Information provided:
━━━

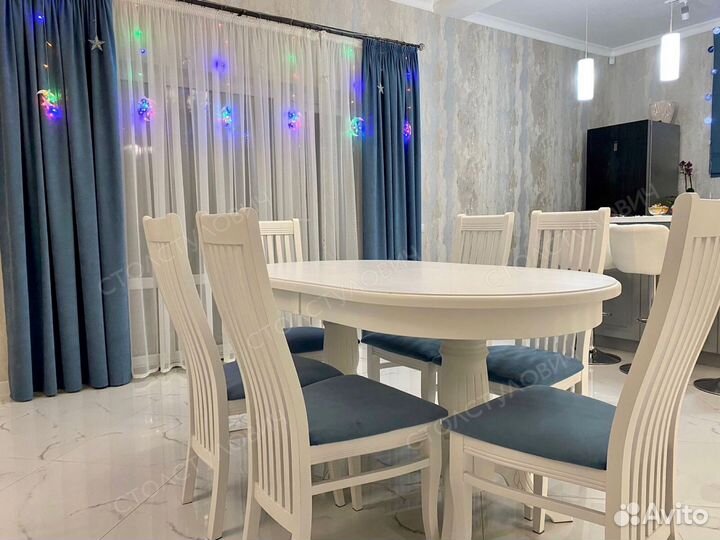 Столы и стулья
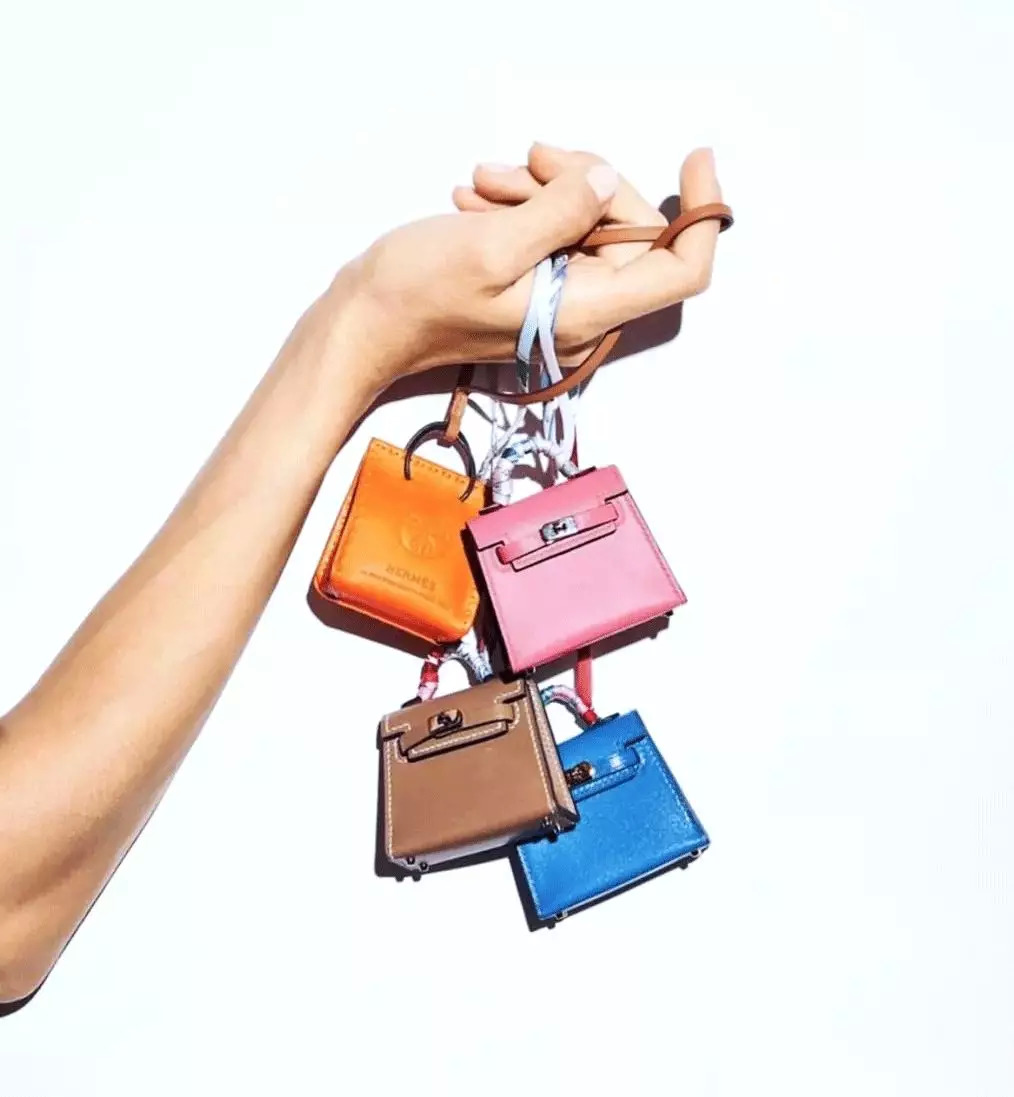 我的胸，我的手指，我的脚腕……都需要一只包包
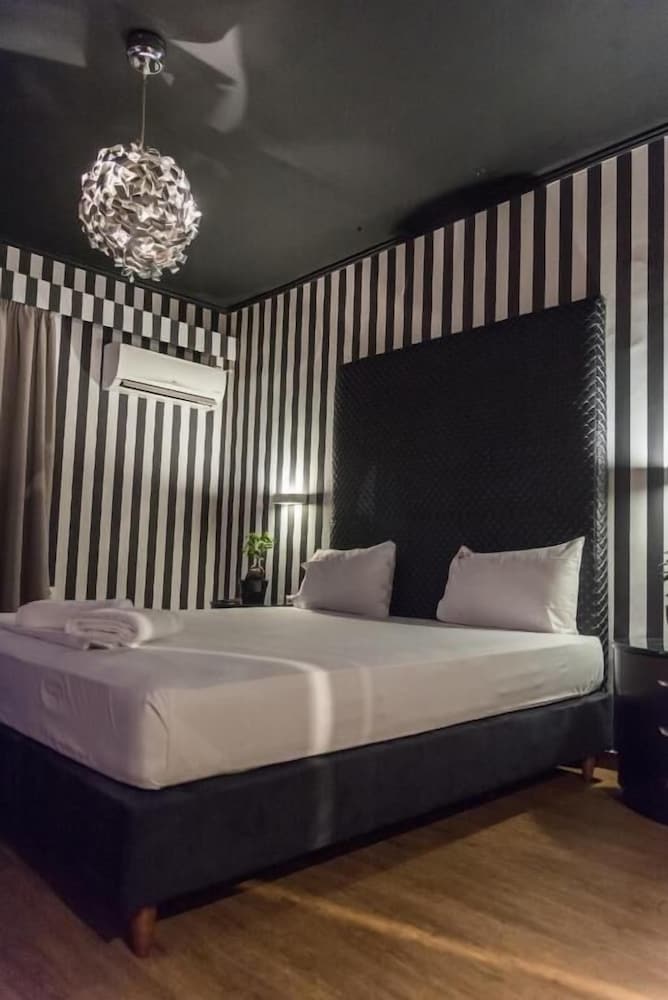 ruby rooms kifisia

━━━

Required action: Each line above should be returned exactly as written, apart from any pictures.

Response area:
 Столы и стулья
 我的胸，我的手指，我的脚腕……都需要一只包包
 ruby rooms kifisia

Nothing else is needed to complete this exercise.